Culture

The Incurious Reporters

Trump supporters jeer reporters at a rally in Naples, Fla., in October. (Reuters photo: Jonathan Ernst)
Journalists’ real problem isn’t a lack of friends with pickup trucks, but a lack of curiosity about those outside their cultural bubble.

It’s been five days, and 2017 already has its first big debate about journalism, courtesy of a tweet by Decision Desk HQ’s John Ekdhal:

It’s telling that such a seemingly innocuous question has sparked heated responses from so many of the reporters of which it was asked. Ekdahl’s point was that for a journalist to not know a single person who drives the country’s most purchased automobiles suggests that they live and operate in a cultural bubble. As Kevin Williamson and Jon Gabriel have pointed out, almost every community in America is unique, making it a cultural bubble in one way or another. But given that we’ve just emerged from a presidential campaign that the national media got wrong at nearly every turn, this particular cultural bubble would seem to be due for some self-examination.

The true journalistic sin is not a lack of friends with pickup trucks, but a lack of curiosity about the millions of Americans outside of major cities who own them, if you’re going to be writing about those Americans.

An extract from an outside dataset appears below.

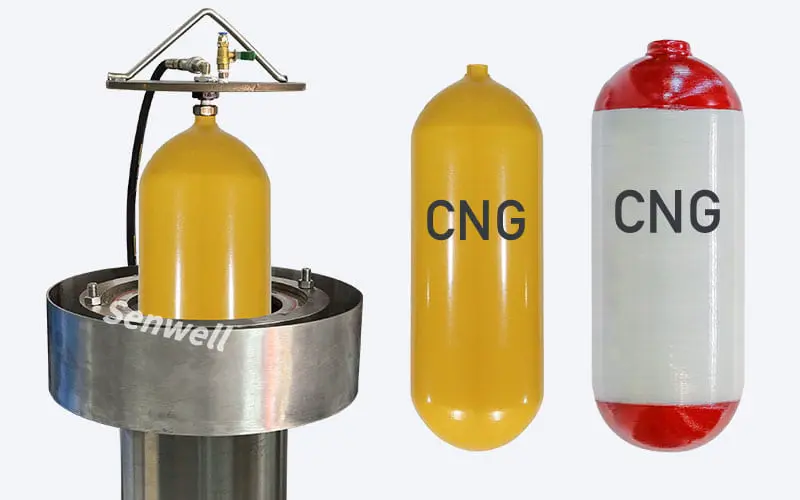 CNG cylinder hydro test scene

If your beat involves analyzing and assessing the views of the American electorate as a whole, it probably helps to know some people who think differently than you. At the very least, discussing the country’s cultures and perspectives requires an awareness of how unique and unrepresentative your life’s circumstances are. Yes, you should know who you are, but you should know who you aren’t as well.

The average white-collar professional is a distinct minority, and that status can manifest itself in unexpected ways. More than half Americans haven’t traveled on an airplane in the past year. About 70 percent of Americans have less than $1,000 in their savings accounts, and 34 percent have no savings at all.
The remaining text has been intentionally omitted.